Hello, vLLM team! I meet an error when I use draft model with tp=2, command is:

MODEL='/data/framework_vllm/models/Qwen3-32B'
SPEC_MODEL='/data/framework_vllm/models/Qwen3-1.7B'
NUM_SPEC_TOKENS=3
SPEC_CFG="{\"model\": \"$SPEC_MODEL\", \"num_speculative_tokens\": $NUM_SPEC_TOKENS}"

DEVICE_IDS=0,1
N_GPUS=2

CUDA_VISIBLE_DEVICES=${DEVICE_IDS} \
vllm serve $MODEL \
    --swap-space 16 \
    --disable-log-requests \
    --speculative_config "$SPEC_CFG" \
    --tensor_parallel_size ${N_GPUS} \

most time, it servers normly. But sometimes, it reports an error:

ERROR 07-24 02:12:54 [engine.py:165]     return self._run_speculative_decoding_step(execute_model_req,
ERROR 07-24 02:12:54 [engine.py:165]            ^^^^^^^^^^^^^^^^^^^^^^^^^^^^^^^^^^^^^^^^^^^^^^^^^^^^^^
ERROR 07-24 02:12:54 [engine.py:165]   File "/root/anaconda3/envs/vllm_sxh/lib/python3.12/contextlib.py", line 81, in inner
ERROR 07-24 02:12:54 [engine.py:165]     return func(*args, **kwds)
ERROR 07-24 02:12:54 [engine.py:165]            ^^^^^^^^^^^^^^^^^^^
ERROR 07-24 02:12:54 [engine.py:165]   File "/root/anaconda3/envs/vllm_sxh/lib/python3.12/site-packages/vllm/spec_decode/spec_decode_worker.py", line 790, in _run_speculative_decoding_step
ERROR 07-24 02:12:54 [engine.py:165]     raise RuntimeError("Cannot handle cases where distributed draft "
ERROR 07-24 02:12:54 [engine.py:165] RuntimeError: Cannot handle cases where distributed draft workers generate no tokens

what should I do if I want to keep draft model on tp = 2 ?
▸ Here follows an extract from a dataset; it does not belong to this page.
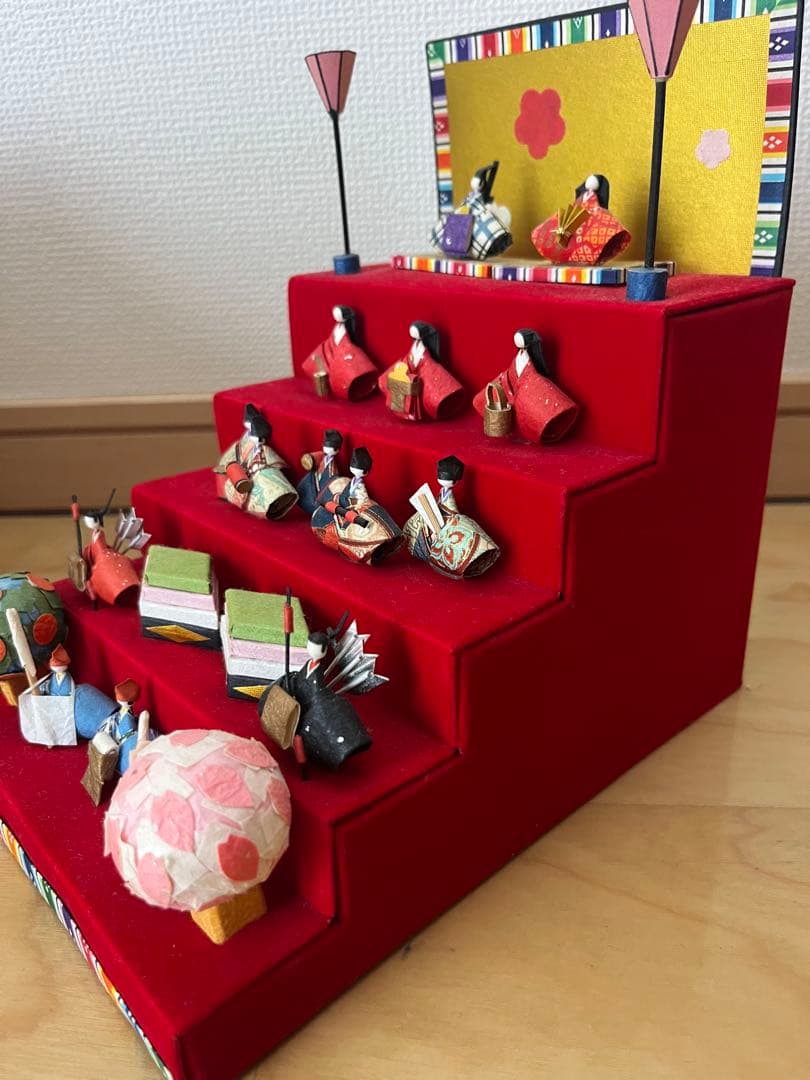 丹青堂　和紙　雛飾り　レトロ　昭和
Speculative decoding in vLLM currently only supports draft models with tensor parallelism (TP) set to 1, not TP > 1. The error you encountered, “Cannot handle cases where distributed draft workers generate no tokens,” is a known limitation when using TP > 1 for the draft model. To use speculative decoding reliably, set the draft model’s tensor parallel size to 1, even if the main model uses TP > 1. This is documented in both the official docs and multiple GitHub issues—see Speculative Decoding docs and related GitHub issue.

If you need to use a larger draft model that doesn’t fit on a single GPU, consider using a smaller or quantized draft model, or wait for future vLLM releases that may add support for TP > 1 in draft models. Would you like more detail on workarounds or configuration examples?

Sources:

Ok, thanks!But the official docshttps://docs.vllm.ai/en/stable/features/spec_decode.html only say not support PP now.
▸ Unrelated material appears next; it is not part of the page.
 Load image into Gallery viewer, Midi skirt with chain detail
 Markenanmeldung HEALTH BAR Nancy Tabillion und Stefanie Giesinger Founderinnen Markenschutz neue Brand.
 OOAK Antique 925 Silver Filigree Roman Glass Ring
Currently, speculative decoding in vLLM is not compatible with pipeline parallelism.

Besides, default parallel policy is: draft model has the same tp size as target model? https://github.com/vllm-project/vllm/pull/5414. This pr also confuses me.
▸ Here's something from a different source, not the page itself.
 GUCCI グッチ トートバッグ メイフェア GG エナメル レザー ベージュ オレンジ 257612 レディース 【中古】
You’re correct that the official docs explicitly state speculative decoding is not compatible with pipeline parallelism (PP), but the situation with tensor parallelism (TP) is more nuanced. By default, vLLM sets the draft model’s TP to match the target model’s TP unless you explicitly set draft_tensor_parallel_size to 1. However, as of now, only draft_tensor_parallel_size=1 is fully supported and stable—using TP>1 for the draft model can lead to errors like the one you encountered, and this is acknowledged in PR #5414 and related discussions.

The PR you referenced (#5414) added infrastructure for supporting different TP sizes between draft and target models, but it was merged with TP>1 for the draft model disabled by default due to unresolved issues. So, while the config allows you to set TP>1, in practice, only TP=1 for the draft model is recommended and supported. Would you like a step-by-step explanation of how to configure this?

Sources:

Thanks very much! I know how to configure it. Thanks!